Not when her pain is bleeding in my fucking veins.

“Why didn’t you ask Astrid for help?” I ask, my jaw clenched so hard, I’m surprised it doesn’t dislocate.

“I wasn’t sure I saw her. I think I had…a concussion, and uh…I don’t know, but I was bleeding after he was…done.”

“Did you go to the hospital?” My voice imitates the calmest monk while my insides roar with a burning fire.

She frantically shakes her head. “I got better after a few days on my own.”

“Fuck, Nicole, fuck! Why didn’t you file a report?”

“I couldn’t!” Now she’s the one who’s screaming while she sobs. “Mum would’ve been so disappointed in me.”

“Your mother was a fucking criminal. She had no bloody right to be disappointed in you.”

“She was my mother. I didn’t know anything about what she’d done at the time, and what did you expect me to say? I asked a boy over and he raped me? Who would’ve believed me?”

“They would’ve believed the medical rape kit the doctor would’ve made. You said you were fucking bleeding.”

“It wasn’t worth it.”

“What?”

“Dragging Mum and Uncle Henry’s names through the mud wasn’t worth it. Christopher was a deputy commissioner’s son. He would’ve gotten away with it. They would’ve said I asked for it.”

“But that’s not the case.”

“Maybe it was!” She pushes me away, wiping her face with the back of her hand. “Maybe I was stupid and obsessed and was blind to invite a predator to my house. It happened, okay? It all happened, so what was the point of making a report?”

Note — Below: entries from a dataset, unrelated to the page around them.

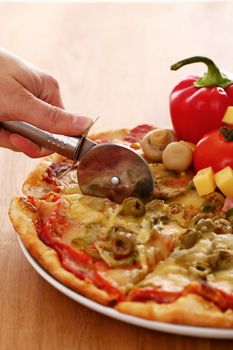 Fresh italian pizza in plate being sliced with pizza knife on a wooden surface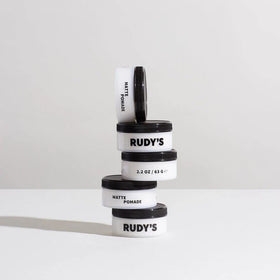 Rudy's pomade next to a coin illustrating 2.2 oz size and portable convenience
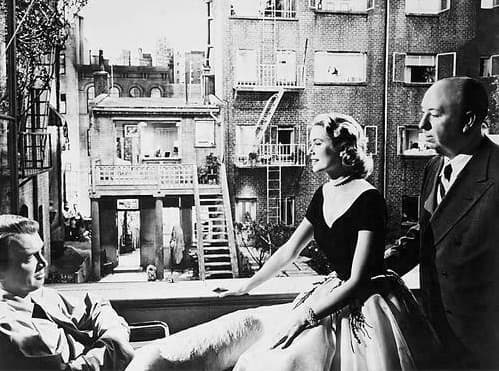 James Stewart in a wheelchair, Grace Kelly and Alfred Hitchcock at an open window, the built courtyard and fire escapes behind them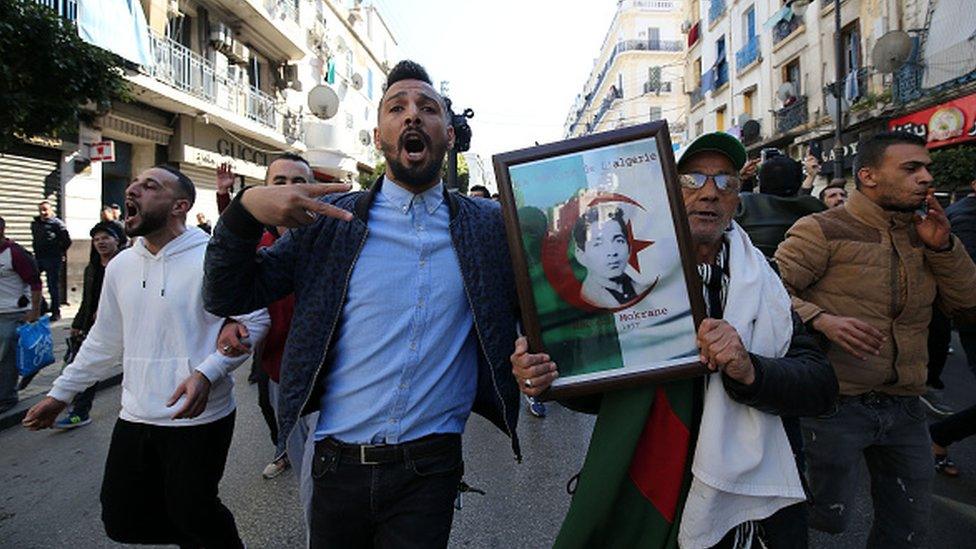 Algerian protesters chant slogans during a demonstration protest against the fifth term of Abdelaziz Bouteflika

“Fucking justice, Nicole.”

“I didn’t need that.”

“Clearly. Judging by the way you have panic and anxiety attacks whenever you’re touched sexually.”

“Then stop touching me!” She turns around and flings the door open. “I was doing just fine before you came back into my life.”

And then she’s running outside.

I catch up to her in no time and practically pick her up and shove her into my car. I remind myself that I need to be more gentle. That she just shared a traumatic experience she never told anyone about.

She tried to tell you back then, too, but you rejected her like a sorry cunt.

Is there a way to reach out to eighteen-year-old me and choke him to death? To make him aware of who stood on his fucking doorstep that night?

It wasn’t only Nicole. It was Nicole in need of help. It was Nicole traumatized, vulnerable and weak, and the last thing I should’ve done was shut the door in her face.

The evening Astrid told me she saw Nicole and Christopher having sex, I remember seeing black. I remember it so well.

It’s the moment that shaped my arsehole self and turned me into a blonde-hater.